Task description —
Transcribe all the lines below exactly. Omit the pictures.

Dataset section —
○ ○ ○ ○ ○
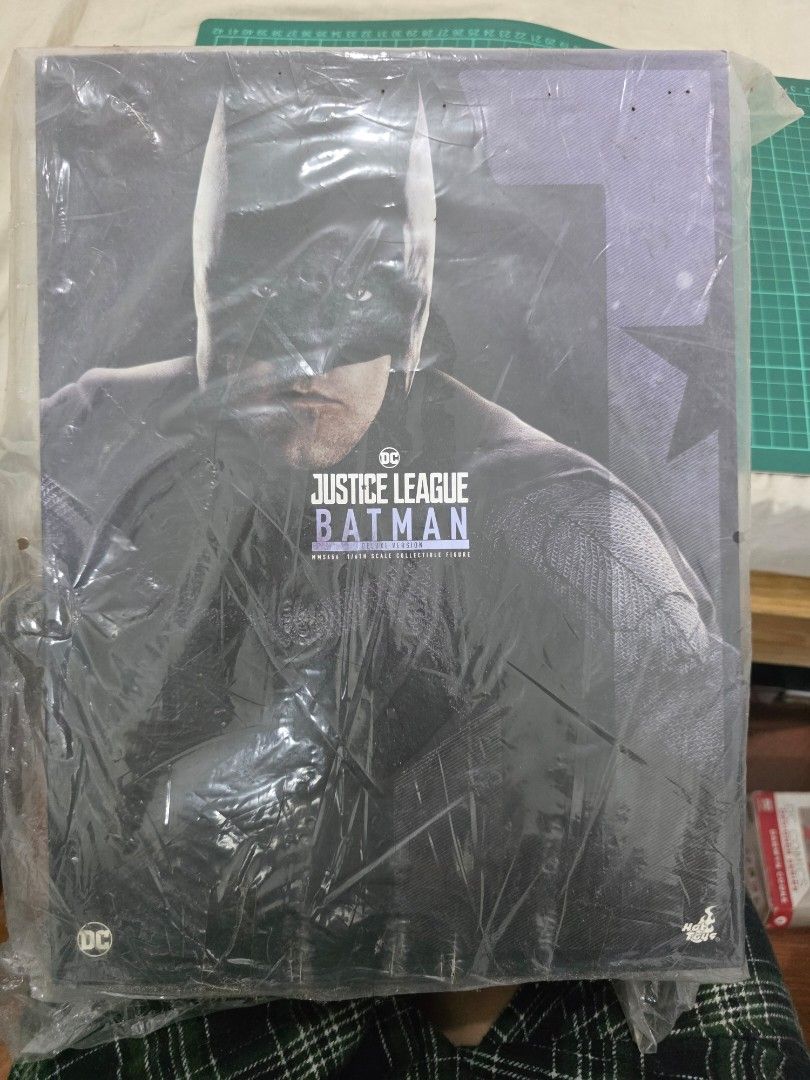 BAT MAN Justice League (Category: Figurines & Statues) located in Manila. Submitted by everyallmustgo (Listing ID 1464554089, Image 1). Description: NEGOTIABLE.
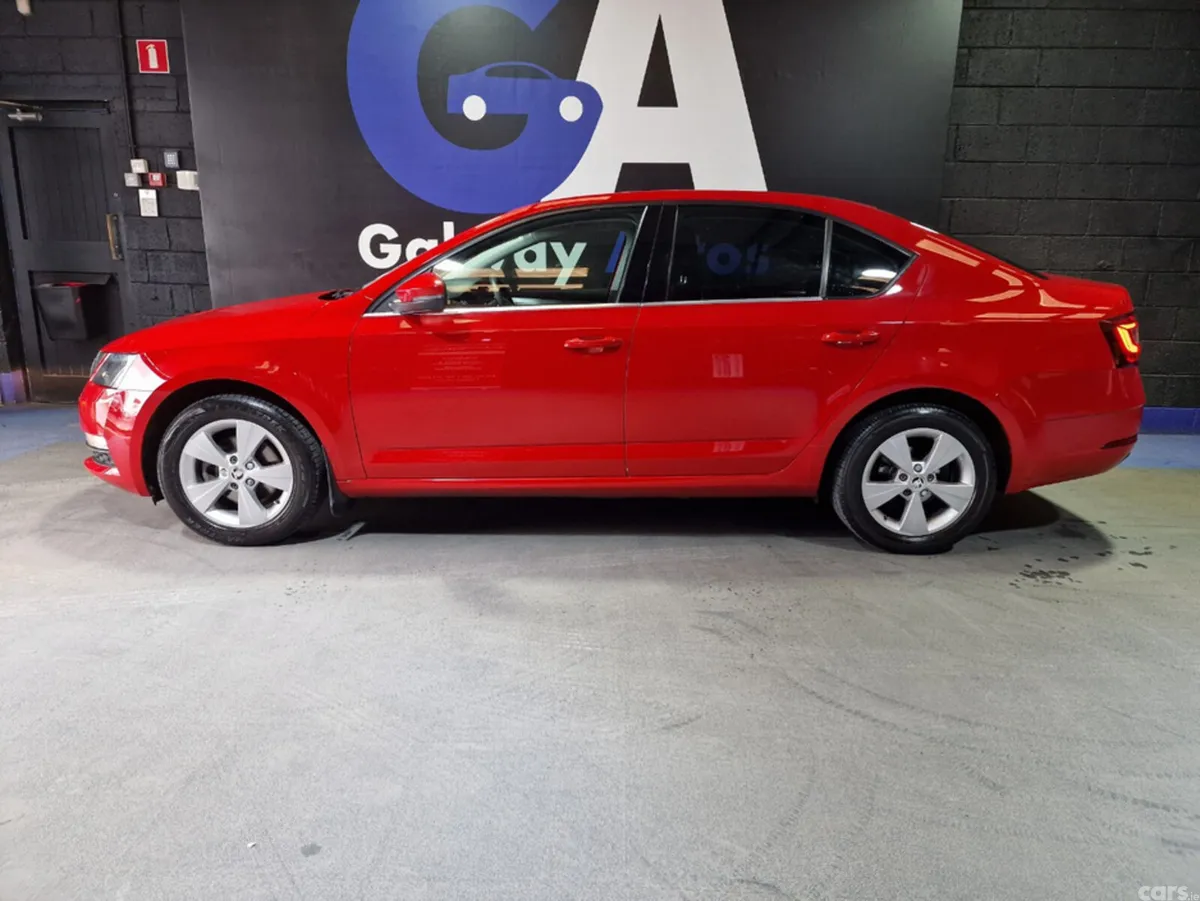 Skoda Octavia Hatchback, Petrol, 2019, Red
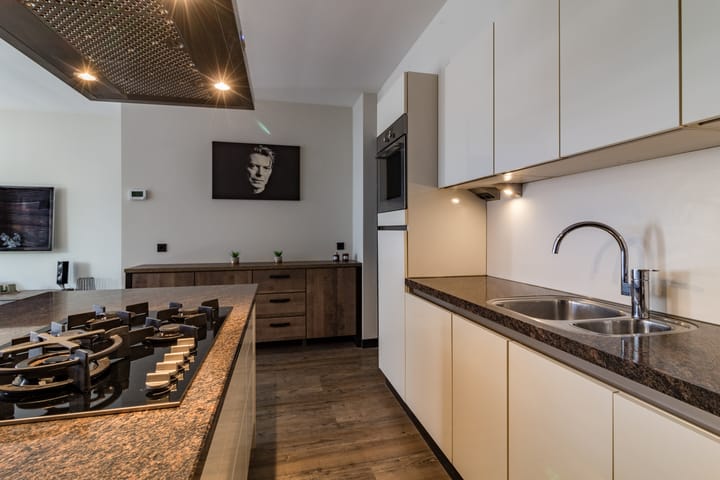 Photo 15 of Fenacoliuslaan 18-A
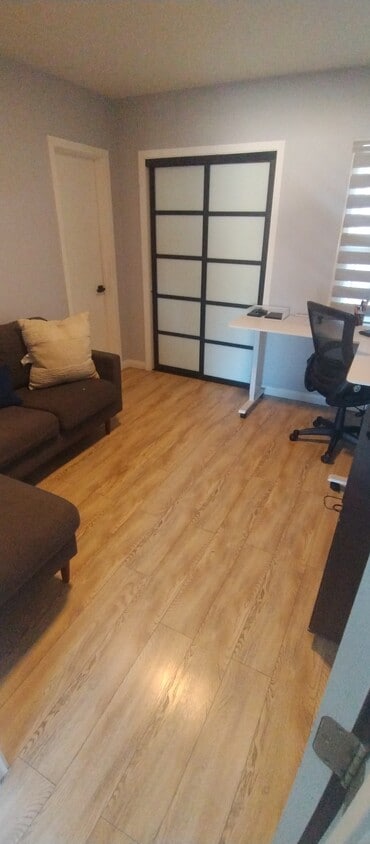 Foto principal - 10148 Gothic Ave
○ ○ ○ ○ ○
Your response —
 BAT MAN Justice League (Category: Figurines & Statues) located in Manila. Submitted by everyallmustgo (Listing ID 1464554089, Image 1). Description: NEGOTIABLE.
 Skoda Octavia Hatchback, Petrol, 2019, Red
 Photo 15 of Fenacoliuslaan 18-A
 Foto principal - 10148 Gothic Ave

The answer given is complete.